Just Asked whether he would describe his music as “Sound for the sake of sound,” James Tenney (1934–2006) replied, “It’s sound for the sake of perceptual insight—some kind of perceptual revelation.” This release aptly demonstrates Tenney’s deep exploratory fascination with the nature and potentialities of aural perception. His attraction to these topics was simultaneously intellectual and sensuous, and its musical products at once invite both sustained reflection and the most immediate of corporeal responses.
A number of his works feature pitch collections that progressively approach or diverge from the structure of the harmonic series, or that gradually move between its “harmonically complex” or “dissonant” upper reaches and its “harmonically simple” or “consonant” lower regions. A paradigmatic example is provided by Harmonium #1 (1976). For 12 String (rising) (1971) represents an arrangement for strings of Tenney’s classic electroacoustic composition For Ann (rising) (1969), which predated his interest in harmony. It nonetheless shares with much of his subsequent music a ruthless simplification of form and structure that eschews narrative drama in order to highlight the subjective processes and perceptions of the listener.

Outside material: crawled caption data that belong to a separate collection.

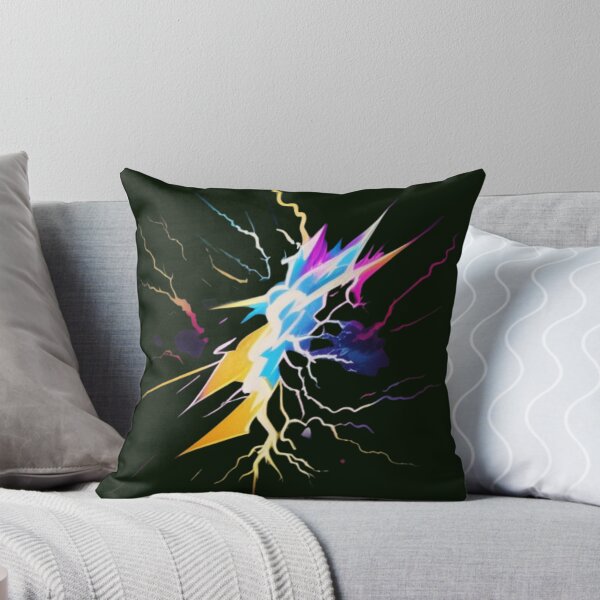 Item preview, Colorful Lightning Bolt designed and sold by BigusPanda.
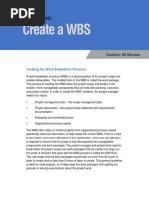 11 Create WBS PDF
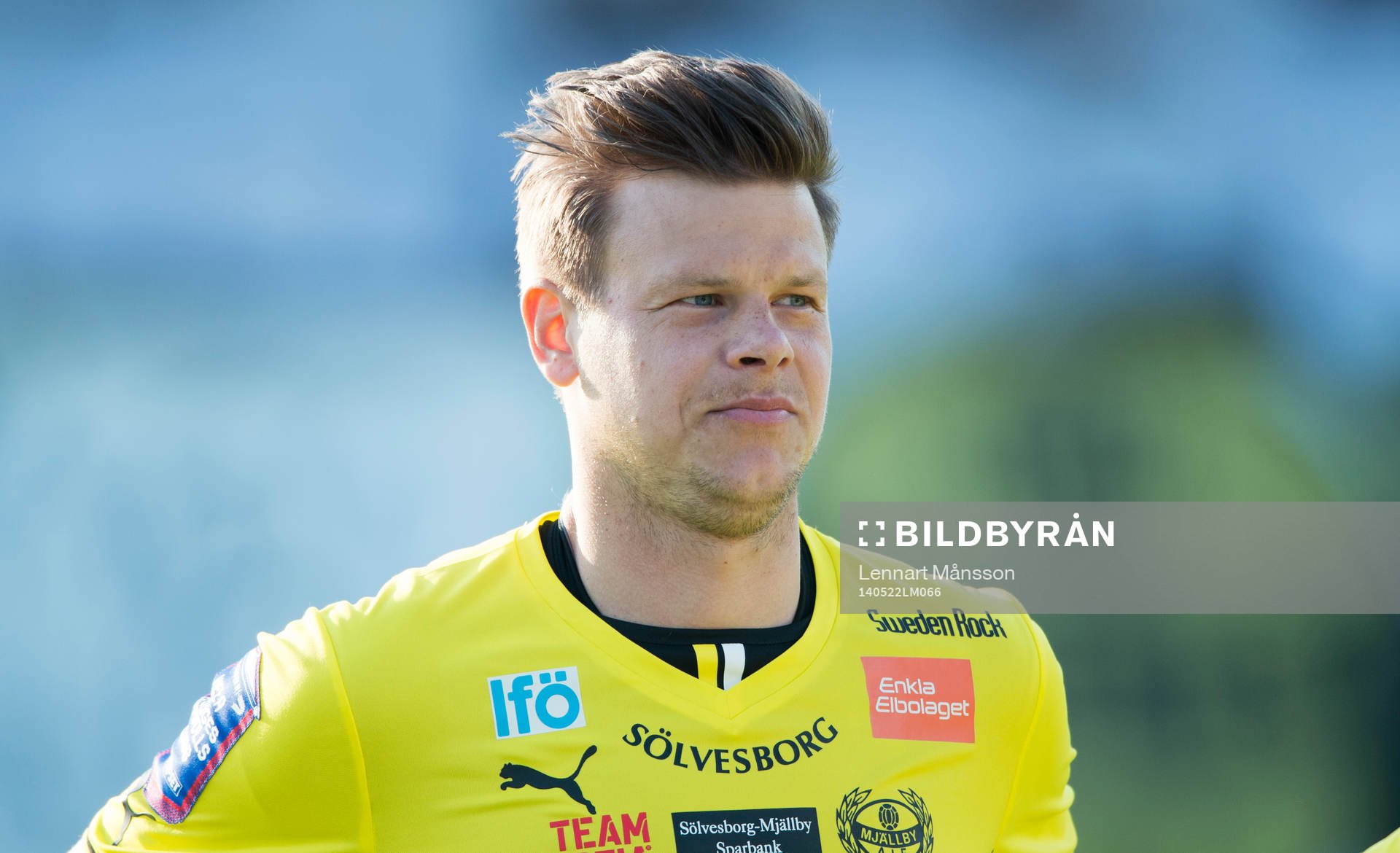 Mjällbys David Löfquist i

The first movement of Two Koans and a Canon (1982) is entitled “First Koan (a gentler Beast)” and constitutes a variation upon Tenney’s earlier Beast (1971) for solo double bass. It is a study in acoustical beating, an alluring rhythmic pulsation audible between tones whose pitches are sufficiently close to each other. The “Second Koan” in turn recalls Tenney’s Koan (1971) for solo violin. It exhibits another of his radically reduced formal designs: a steady cross-string tremolo that gradually migrates upwards in register across the strings of the instrument. The brief final “Canon” is the most structurally complex of the movements. Alone of the three it employs a live tape-delay system.